The technical solution of the patent of the Russian Federation No. 2717933 has signs of similarity with the claimed technical solution, such as the creation of maps of the field inhomogeneity of the field using satellite information.

However, the relatively narrow range of application (desiccation), and the fact that the prototype method does not allow the analysis of electronic mapping in multi-time mode, reduces the effectiveness of the prototype method, while in the claimed solution, the selection of satellite images is carried out over a long period. The similarity is the study of the vegetation index NDVI, however, in the prototype, this index is calculated once, according to the analysis of one frame of a space imagery, and in the claimed technical solution, the NDVI index is calculated for each field for each image for a period of time since 1984. The frequency of occurrence of low NDVI in the proposed solution shows areas not with random, but with persistent annual problems in the development of plants, respectively, the ability to determine the location of soil degradation with the greatest accuracy is achieved.

The purpose of the proposed technical solution is based on the processing of multi-temporal satellite images to achieve the possibility of mapping areas of soil degradation inside agricultural fields.

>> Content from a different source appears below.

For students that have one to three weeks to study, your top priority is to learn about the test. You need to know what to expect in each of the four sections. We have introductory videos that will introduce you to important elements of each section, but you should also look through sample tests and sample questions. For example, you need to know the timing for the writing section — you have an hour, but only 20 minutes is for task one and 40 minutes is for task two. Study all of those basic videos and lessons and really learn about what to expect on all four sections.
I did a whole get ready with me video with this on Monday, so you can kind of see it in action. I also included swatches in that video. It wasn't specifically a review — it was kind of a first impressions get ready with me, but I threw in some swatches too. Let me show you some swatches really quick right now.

The technical task is to create a reliable and as close as possible to reality cartographic representation of the results of the analysis of multi-temporal satellite images, for which the claimed method has been developed.

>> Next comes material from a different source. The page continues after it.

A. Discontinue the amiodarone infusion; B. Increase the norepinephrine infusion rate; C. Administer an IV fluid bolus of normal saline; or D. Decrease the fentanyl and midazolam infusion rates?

In the process of testing the method, degraded areas of arable land were indicated based on the selection of satellite images using deep machine learning methods and methods for calculating the average occurrence of low values of the vegetation index NDVI.

EFFECT: expanding the operational capabilities of mapping and automating the process of recognizing degraded soil cover areas inside agricultural fields using in practice the optimal parameters of the method for creating maps of soil cover degradation based on the results of processing multi-time satellite images. The operation of the learning unit of the neural network recognition path, which provides the final classification solution for the studied field maps, increases the probability of correct classification of satellite information, and subsequent verification on the field allows to maximize the accuracy of the resulting maps. The achievement of this result is ensured by the features of the proposed method.

The essence of the proposed technical solution lies in the fact that the method of generating maps of soil degradation based on the processing of multi-temporal satellite images includes the creation of maps of soil cover degradation using satellite information, in which Landsat satellite images are downloaded for each studied point on the Earth's surface from different frames of satellite imagery for many years, then using a trained neural network, images are selected that do not have defects that prevent the calculation of vegetation indices, the NDVI vegetation index is calculated for each suitable image, the average occurrence of low NDVI values is calculated using the principle of binary logic and measuring the frequency of occurrence of a binary attribute, summing the values of binary maps for each pixel and dividing by the number of Landsat scenes selected for the agricultural field according to the formula:

, гдеAOLNDVI=

, where

AOLNDVI - average occurrence of low NDVI values;

LNDVIi - the indicator of the zone of low NDVI values for the i-tooghot snapshot.);

n - the number of images selected for calculations,

moreover, AOLNDVI values > 0.5 are taken as a zone of soil degradation manifestation, and binary maps of the manifestation of soil cover degradation are created using a threshold of 0.5, then empirical field measurements of the thickness of the humus horizon are carried out to verify the results obtained.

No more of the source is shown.